Años después Leticia, poseedora de este profundo conocimiento heredado sobre el cumare y los bancos, se casó y se fue a vivir a Acaricuara, al sur de Mitú, donde ejerció el rol de líder y maestra. En 1993, reunió a las mujeres del corregimiento, en el que vivían 17 comunidades, y les enseñó a tejer bolsos y fruteros. Leticia aprendía al tiempo que enseñaba su oficio, pues sus alumnas, de las etnias Barazana, Tuyuca, Tukana y Desana, la instruían en sus propias artesanías, como el pilón y el balay. En el 95, sin embargo, tuvieron que trasladarse a Mitú junto con su esposo y sus dos hijos, desplazados por la guerrilla. Una vez allí, rebosante de ganas de compartir su conocimiento, tuvo la oportunidad de enseñarle a dos familias a tejer en cumare y ayudarles a tener su propio stand en ferias. Ambas familias se dedican desde entonces al trabajo artesanal. Además, la invitaban los capitanes de resguardos indígenas para impartir sus lecciones.
Después de años viajando por el Vaupés para enseñar su oficio y habiendo acogido a tantos alumnos, Leticia sigue soñando con un centro de acopio y de enseñanza en Mitú donde pueda reunir y ayudar a los artesanos a comercializar las artesanías autóctonas del departamento, además de recibir a quienes quieren aprender de ella y dedicar sus vidas al tejido.

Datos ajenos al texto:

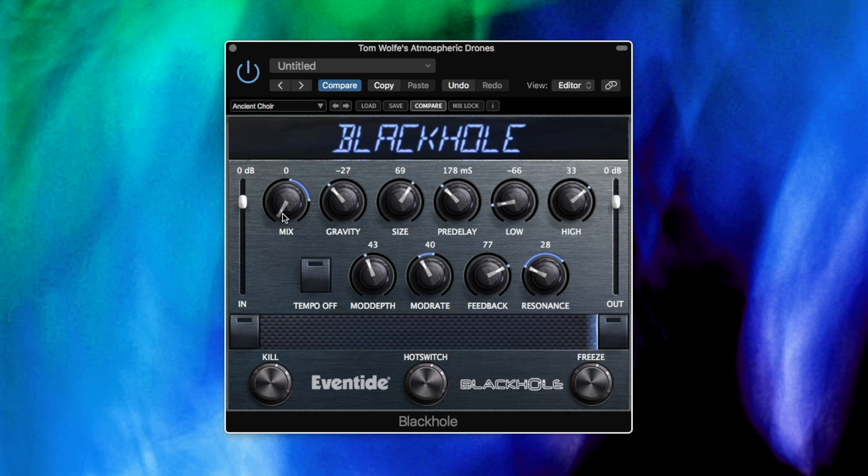Hi everyone, Tom Wolfe here. In this video I'll be showing you some presets from my latest set, Atmospheric Drones, for Eventide's Black Hole plugin. Atmospheric Drones contains 15 presets designed with one purpose in mind: to make big, spacious and atmospheric drones from slowly morphing sound sources.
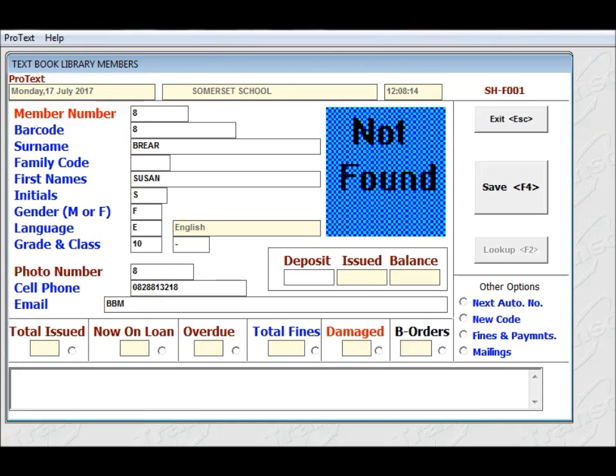Similarly, with the email address, you can put in there the person's email address, and you can then use that to send them emails about the state of their books.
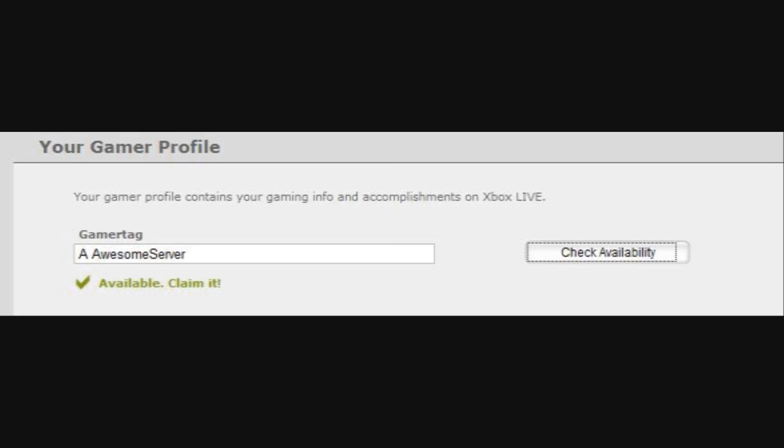When it asks you to enter all the info for your gamertag, enter the name of the server that you're going to set up. Like if you want to call your server awesome server, you set your gamertag up to be awesome server.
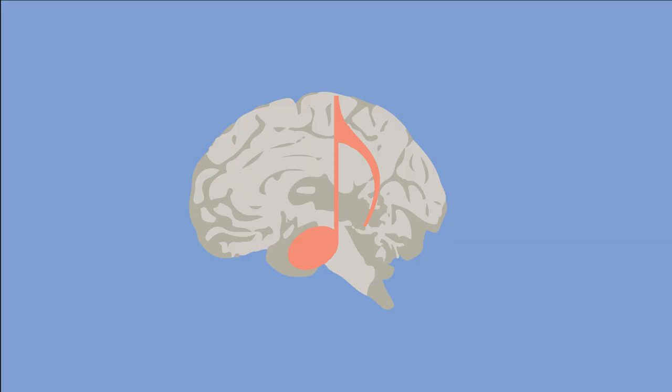This is your brain on music. When we listen to music, many different brain regions are activated to process what we're hearing.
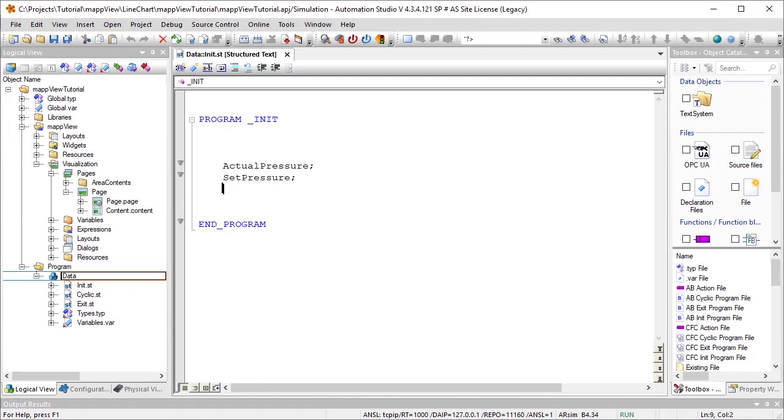A map view visualization object has already been added to my project as you can see here. The variable actual pressure stores the data from the holding phase of an injection process. The data should be compared with the reference data in set pressure. The values should be displayed in the HMI application.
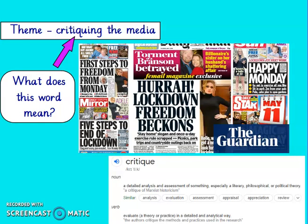Hi Year 6 and welcome to Tuesday's reading lesson. Remember last week when I said that on Tuesday, Wednesday and Thursday we'll be reading separate texts but they all have a theme. Our theme this week is critiquing the media. So first of all let's have a think about what the word critiquing means. We've used it in lessons before when we do our peer critique, especially in art. Critique means a detailed analysis, an assessment of something. So we're going to look at the media and analyse and assess it.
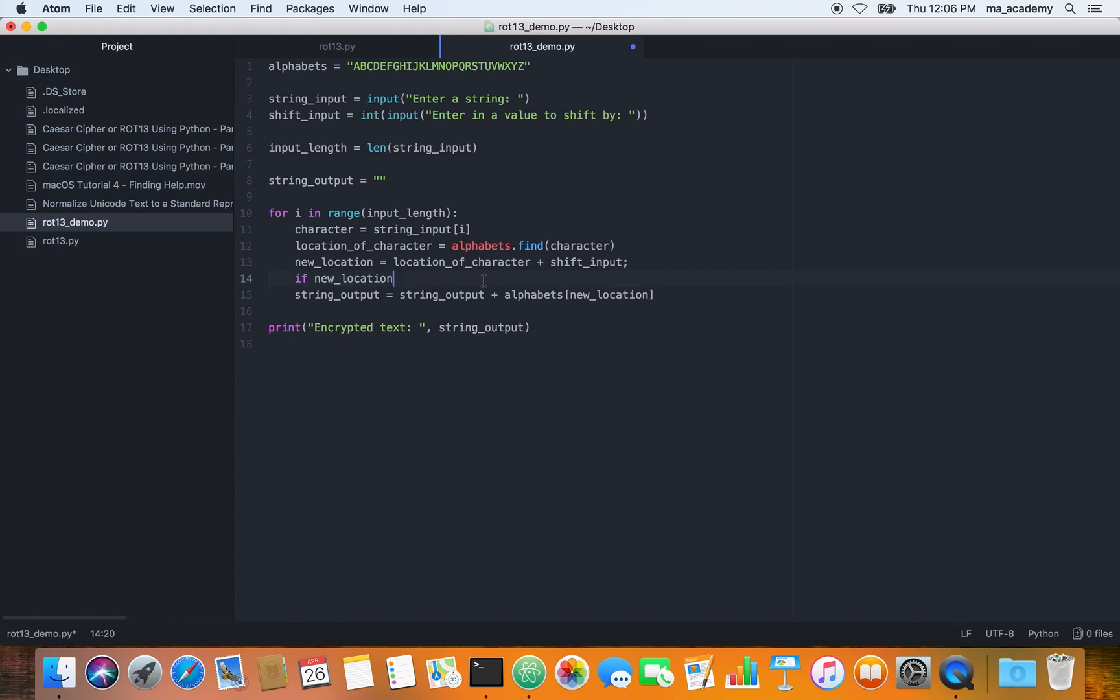One way of doing it is checking the new location variable, which holds the location of the character after it has been increased or incremented. Let's say if we have A and we're shifting it by three characters, the new location would be four, because A is at one and D is at four.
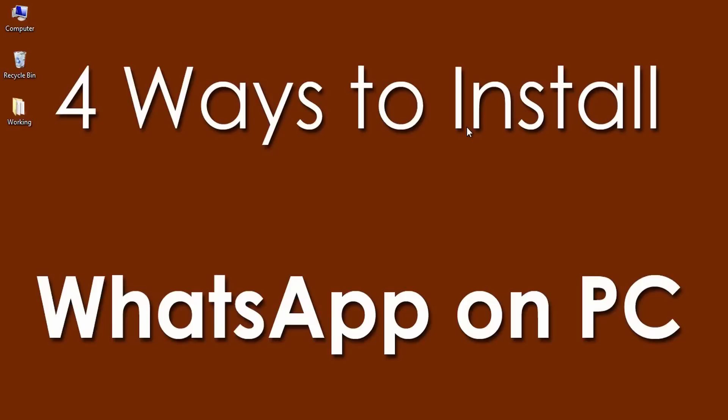Hello YouTube! This is Praveen and you are watching TechEmpty. Most of my viewers are facing problems while installing WhatsApp on PC.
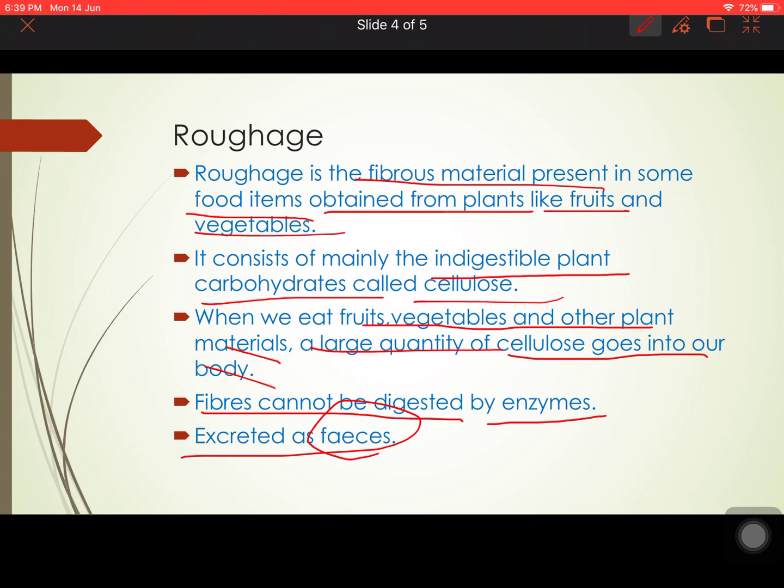This excretion of feces by consuming adequate roughage is very essential to maintain a healthy body. If we are not excreting properly, waste gets accumulated in our digestive system, causing it to stop working properly. Without adequate cellulose in the diet, excretion is insufficient, leading to accumulation and digestive disorders, gastric problems, and other issues. That is why an adequate amount of roughage is required.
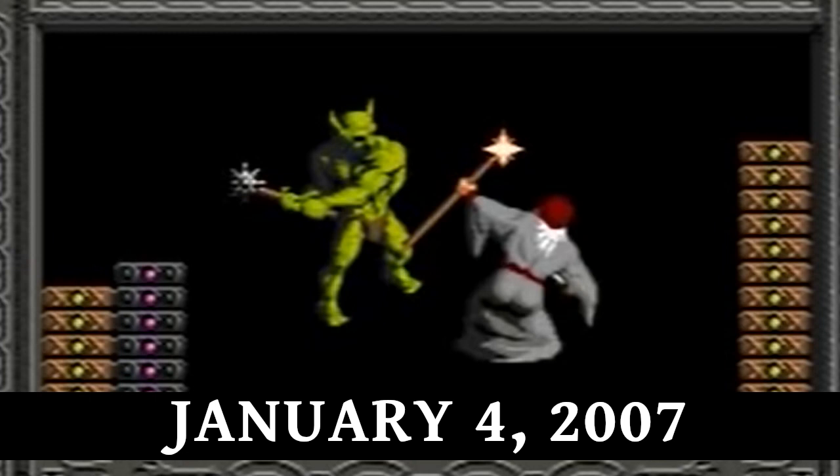January 4th, 2007: Something Awful forum member Michael "Slowbeef" Sawyer posts a video playthrough of The Immortal, creating the first video Let's Play. This would become a major tool for indie game discovery throughout the 2010s.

Cuando rememora su infancia, tiempo en el que recibió el regalo de su vocación, Leticia se arrepiente de no haber aprendido de su abuela el oficio de la cerámica. De pequeña la veía hacer las tinajas para cocinar el pescado, conservar la chicha, el guarapo, y servir la quiñapira, pero lamentablemente nadie en la familia aprendió a fabricar sus propias piezas con barro. Consciente de la profunda importancia que tiene la transmisión del conocimiento, Leticia incita a sus tres nietos a aprender no solo cómo tejer sino a mantener vivas sus lenguas, Cubea y Tukana. Sabe que, cuando ella no esté, la podrán recordar a través del tejido y rememorar así su herencia y tradición.